8 Replies Latest reply on Oct 24, 2016 7:59 AM by Daniela Coblas

    Heat sink with TO-247

    Travis Rowell

      Hello,

      I am having trouble accuratly modeling TO-247 packages in simulation. I was hoping to get some help on how best to set this up. My TO-247 package consists of three components, a copper case, a die(the transistor), and a plastic case. I modeled the die as silicon, the copper case as copper, and the plastic case as epoxy resin. For the insulator I used the manufactuer spec sheet to build a material (the spec sheet wasnt very good I had to leave a lot blank). I am still not getting accurate results. My prototype has far different values then simulation. I took a cross section of the temperature distribution and I found that the temp of my junction was the same temperature as my heat sink. I know this is not possible. Can anyone who has done this type of work before give me an accurate method for modeling this situtaion? I would much rather use the junction to case resistance, and insulator to heatsink resistance provided by the manufactuer then rely on material selection in simulation. I have upladed my heat sink model for extra clarification.

      Thank you,

      Travis

        • Re: Heat sink with TO-247
          Jared Conway

          To do what you want for setup, get the electronics cooling module. He 2r input method does exactly what you want. Or convert the values and make your own 2r.

           

          To understands why you sim may be different, you will have to elaborate on your test setup and conditions. The assumptions you think your analysis makes and some numbers from your test. Blindly looking at simulations is really difficult.

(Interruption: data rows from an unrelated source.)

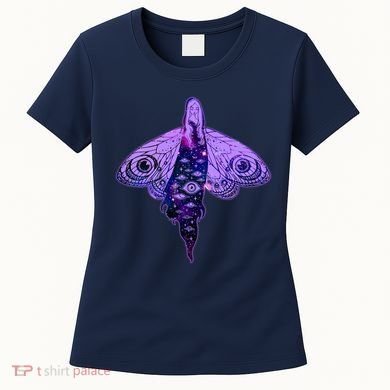 Mystical Gothic Moth Girl Women's T-Shirt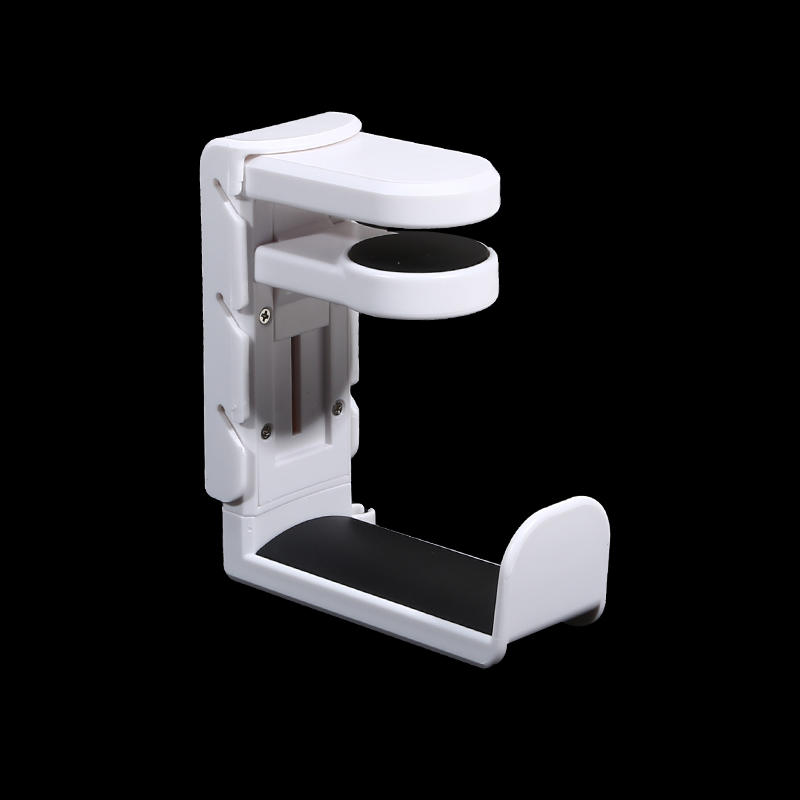 

New 3In1 Gaming Headphone Stand Adjustable Desk Edge Hook Gamepad Headset Desk Hanger Rotation Headset Support Earphone Holder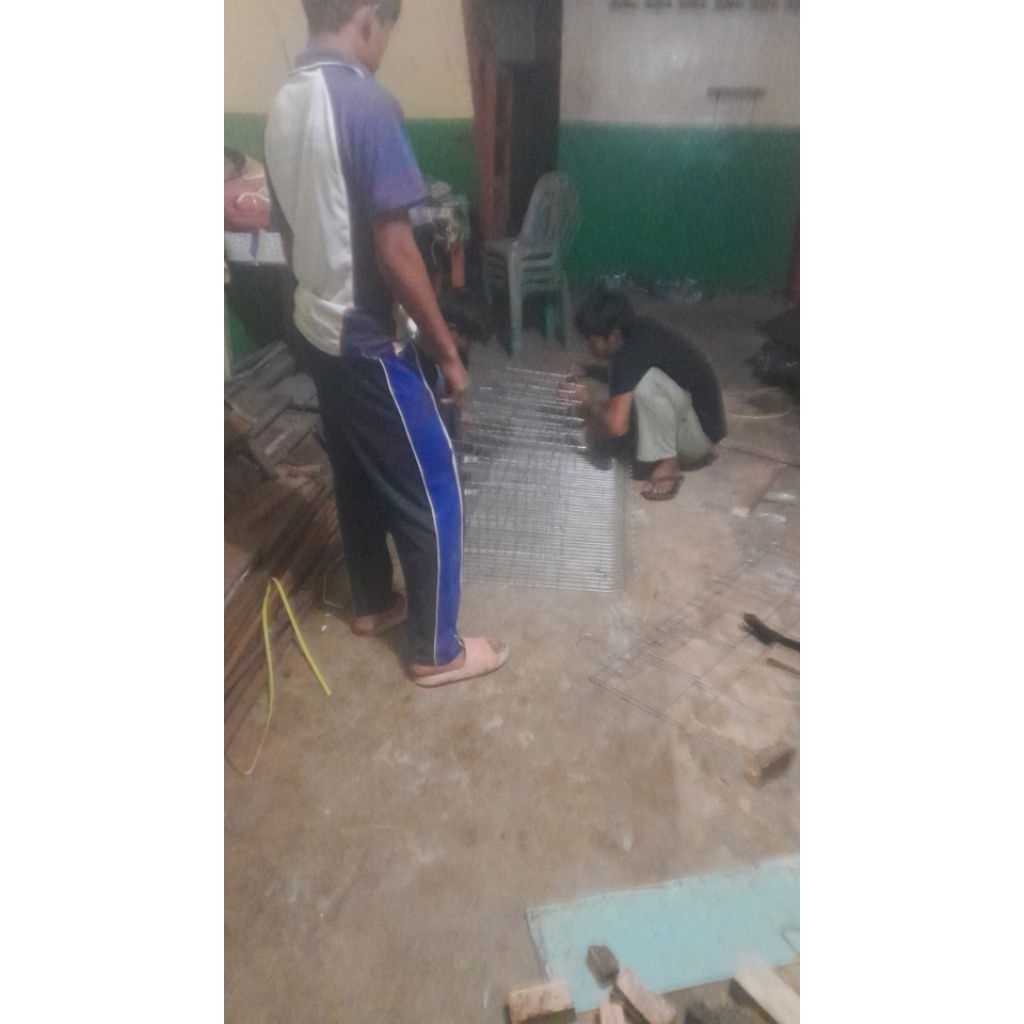 kandang ayam galvanis 6 pintu 6 ekor ayam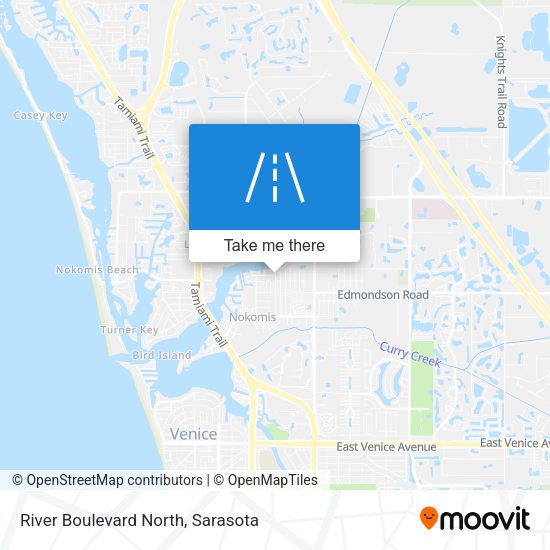 Mapa de River Boulevard North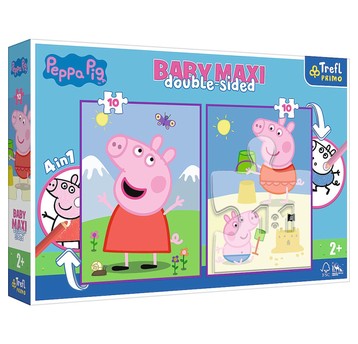 PUZZLE BABY MAXI 2X10 POGODNY DZIEŃ PEPPY 43001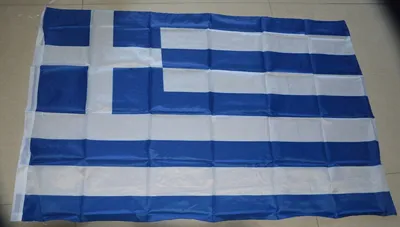 Griechenland-Flaggen-Nation, 3 Fuß x 5 Fuß, Polyester-Banner, fliegend, 150 x 90 cm, individuelle Flagge, überall auf der Welt, weltweit im Freien
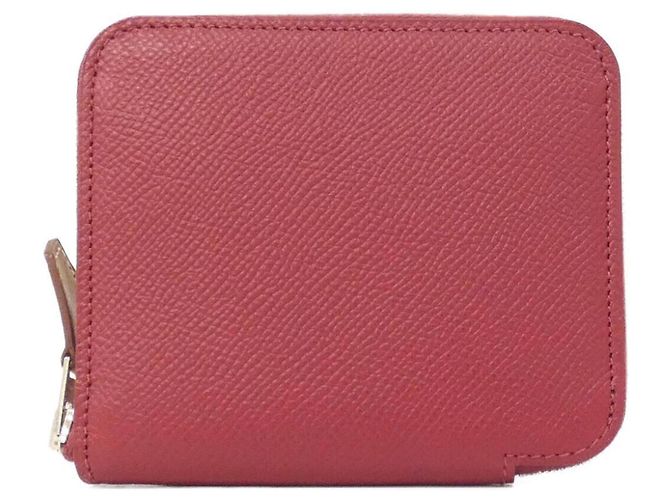 Silk In Cartera compacta de seda Hermès EX-LIBRIS Rosa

            • Re: Heat sink with TO-247
              Travis Rowell

              I do have the electronic cooling module. I tried to use it for this project. However I get an error message when trying to apply it to my plastic case. I get the message cannot find face between case and junction or something to that effect. I was told that the two parts I make the 2R must be the same height, width, and thickness. These TO-247 packages do not follow that model. I may be being a bit picky here I dont know, but I didnt want to change the shape of my package to fit the solidworks model of a 2R. As to my real world setup. It is exactly the same as the setup you see in the picture below. I have a fan in front of the heat sink, each TO-247 package should have 17.833 watts running across it. I use a thermal couple to measure the temp of my heat sink. The thermal couple measures 74C which is very close to what solidworks told me it would be. However my junction temp should be way hotter. Instead solidworks is telling me my junction temps match my heat sink. This is not correct. I applied the 17.883 watts to the small sliver of chip on my model. How does solidworks calculate the heat from that? Would I be better off putting a more realistic temp of 100 degrees on that chip instead of putting a wattage?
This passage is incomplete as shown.